Experimental results show that local matching approaches are more effective for engineering diagram search than global matching approaches. Suppressing unimportant regions via the gating network enhances accuracy. Matching across different scales via spatial convolution substantially improves robustness to scale and rotation changes. A pipelined architecture efficiently searches a large collection of diagrams by using a simple local matching network to identify a small set of candidate images and a more sophisticated network with convolutional cross-scale matching to re-rank candidates.
We downloaded product assembly manuals from Ikea. We are unable to redistribute the dataset, but we list the source of each document and query diagram in the follwing files. A substantially similar dataset can be built with these descriptions.

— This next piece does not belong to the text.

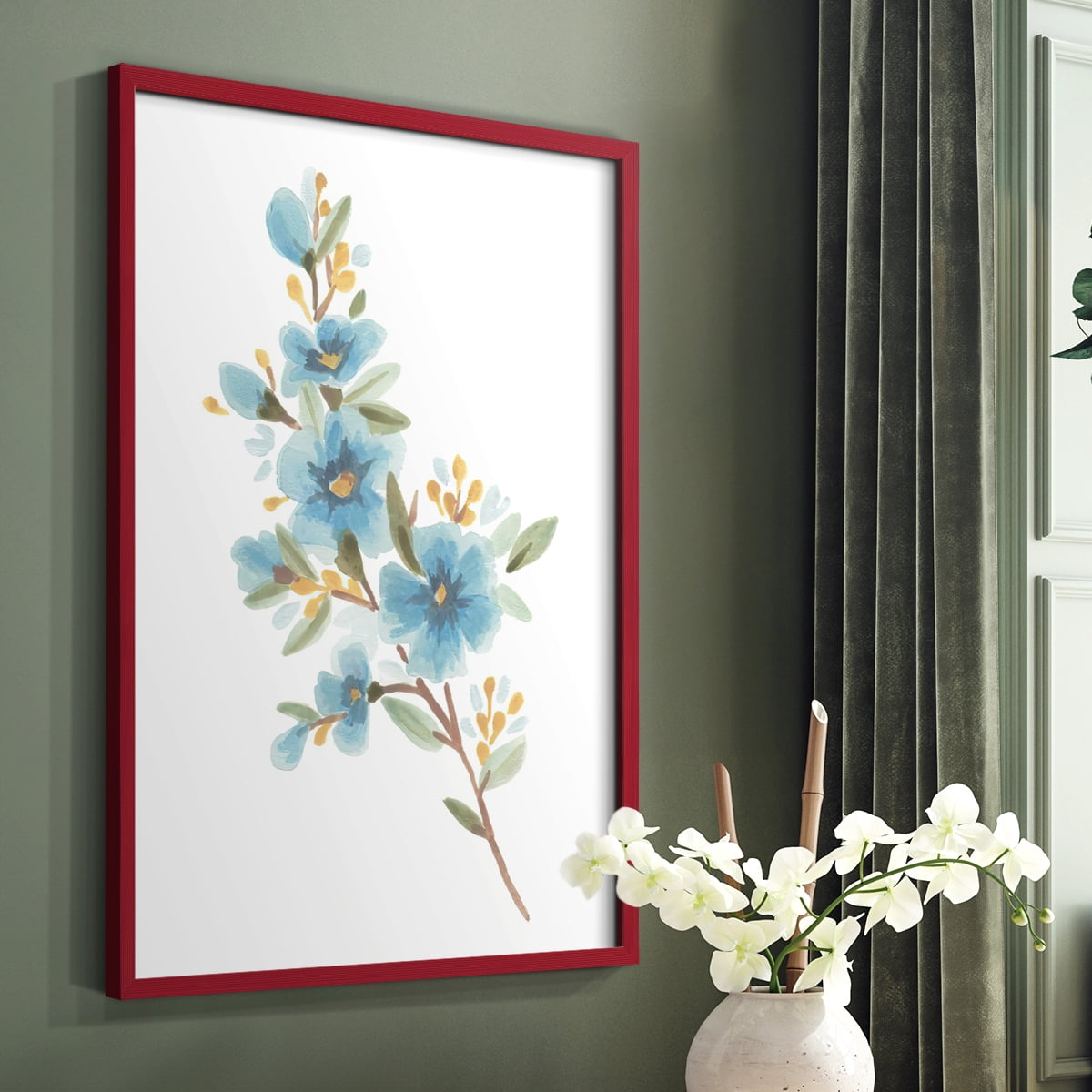 Wildflower Sprig I Framed Print - Solid Wood in Single Picture Frame Solid Wood 2 Framed Print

The corpus description file lists the source of 15,450 Ikea diagrams that were used in our work. The format is "document_id \t ikea_product_name \t ikea_manual_pdf_name \t pdf_page". For example, "0_0 ABSORB LEATHER CARE CLEANER A20137945.pdf 0" means that the diagram with id "0_0" belongs to the product "ABSORB LEATHER CARE CLEANER", the original manual PDF file is "A20137945.pdf", and the diagram is the first page of the PDF file.
Queries are auto-generated by cropping from the original diagrams. The query files list the source diagram of each query, e.g. query "1547_8" comes from the diagram "1547_8". We also list the position/scal/rotation changes made to the queries.